In Conversation with Luis Gutierrez Rico
We interview Luis Gutierrez Rico to gain a deeper understanding of the role technology can play in demystifying nature. Innovations in generative art and his experiences of graduating during a global pandemic.
Your artwork Plant Eden seeks to demystify nature and reveal the complexities of our own perceptions. What do you want participants to take away with them after interacting with your work? What can we learn from the technologies you're working with?
The boundaries of the living are not as deﬁned as we might think. I hope to bring participants an opportunity to think about new perspectives of nature and life, exploring and questioning the opportunities and dilemmas caused by the conﬂict between the ‘engineered’ and ‘organic’.
We can create photorealistic imagery faster and more accurately than ever before. Not only that, computer-generated graphics and VFX look more “real” than the equivalent ﬁlmed by traditional means. Almost any phenomena found in nature can be simulated, which raises the question, are we diluting the meaning of reality, or expanding it?
A new understanding of nature is needed, in line with the current advances in technology. We need to revise the value of the current concept of nature, reﬂecting on the features of our contemporary society.
You blur the boundaries between generative systems and physical interaction. How do you seek to push the medium of generative art and reveal new interpretations?
My practice explores the potential of humans and machines working in tandem, picking on the limits of the relationship and considering artiﬁcial creation as an autonomous entity instead of a tool. Plant Eden is half designed and half spontaneous, continuously evolving and learning from external stimuli, just as a real living creature. But one of the inevitable consequences of generative processes is that you need to give the machine a certain level of freedom for it to make choices on the creator’s behalf. How does that inﬂuence the perception of the creator or designer?
Instead of using the computer as a tool to create a pre-designed output, this way of making feels like a collaboration. The computer becomes a creative partner, making the most out of the symbiotic relationship and achieving levels of complexity otherwise impossible.
Tell us about your experience of graduating during a global pandemic?
Finishing a 2 year MA from home was truly a challenge, not only because of the limitations of online communication but particularly for me the lack of access to university facilities like the library or the workshops. However, the situation has influenced my work for the better. Being in isolation and disconnected from university gave me an unexpected feeling of freedom.
The degree show was cancelled and our project did not even have to be finished for assessment, so all the pressure I had to make something “great” just vanished, which allowed me to focus on the things that I am genuinely interested in and have fun with. Regardless of my experience, I wish I had a degree show and a graduation. I believe that art education is one of the fields that suffers the most from a lockdown but luckily I only had to experience it in my last couple of months in university.
Plant Eden is available to purchase via Earth one Campaign
You graduated with a BA in architecture. How has this informed your practice?
I think that architecture education, at least the one I received, really taught me to have a very structured and holistic vision of the creative process. My BA not only focused on architectural design but also all the technical aspects of it, so design for me always felt like a balancing act where I had to play with all these abstract interconnected pieces until something beautiful and functional emerges. I learned to create and work with complex systems and with that began my fascination for generative processes.
What insights would you offer to younger designers?

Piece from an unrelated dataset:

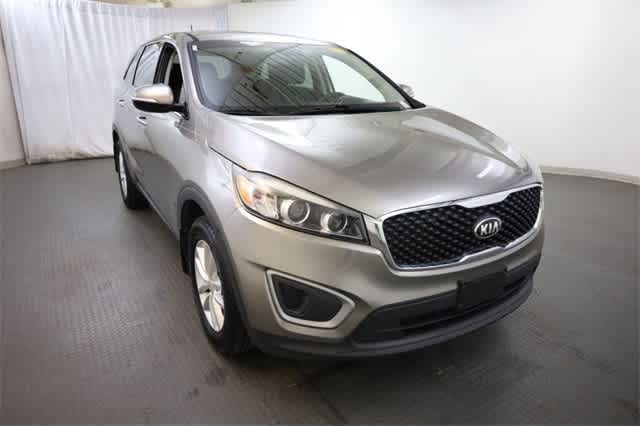 Thumbnail: 2017 Kia Sorento - 11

For everyone interested in digital art, It has never been easier to access tutorials and documentation to learn almost anything, including the code for the latest discoveries, making it much more tempting to try to achieve what big artists do. But the creation process can quickly turn into a frustrating never-ending mess of YouTube tutorials, software documentation and GitHub repositories. It is a tedious and long process, so learning to pick my battles has become an essential part of my practice. I need to be comfortable enough with the software in order to bend it at will, but not too comfortable so I stop looking for new ways of creating, so being constantly aware and situated is essential.

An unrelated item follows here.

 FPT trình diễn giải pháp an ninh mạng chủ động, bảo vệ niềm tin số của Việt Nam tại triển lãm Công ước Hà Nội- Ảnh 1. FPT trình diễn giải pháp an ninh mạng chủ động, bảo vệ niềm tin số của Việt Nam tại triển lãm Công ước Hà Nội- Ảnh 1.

Do you have any artists / designers who we should look out for?
I would definitely suggest Ian Cheng’s as well as David’s Claerbout. I find their work with real-time graphics fascinating. Hito Steyerl’s video essays and theory have been incredibly helpful and are a great resource to situate digital art. I would also recommend Max Colson, which was one of my tutors that helped me the most and whose work I really enjoy.

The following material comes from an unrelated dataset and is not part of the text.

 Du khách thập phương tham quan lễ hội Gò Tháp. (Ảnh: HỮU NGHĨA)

If you could encourage a reader to make one small change to positively impact the climate, what would it be?
A great small act that we all can do is to grow a bee-friendly garden to help local populations. Bees are pollinators and play a critical role in healthy ecosystems, so are essential for our food production. Yet, bee populations are suffering. Here in the UK, habitat loss and fragmentation combined with climate change are having huge impacts on bee populations. Planting traditional cottage garden flowers and native wildflowers such as lavender and buttercups will create a space where bees can thrive.
Do you have any upcoming news or projects you'd like to share?
I'm trying to incorporate feminism into my work and exploring the idea of how our current definition of nature was created to oppress women. There is an astonishing amount of similarities between gender theory and my masters' research. The book Nature's Body: Gender in the Making of Modern Science by Dr. Londa Schiebinger is incredibly insightful!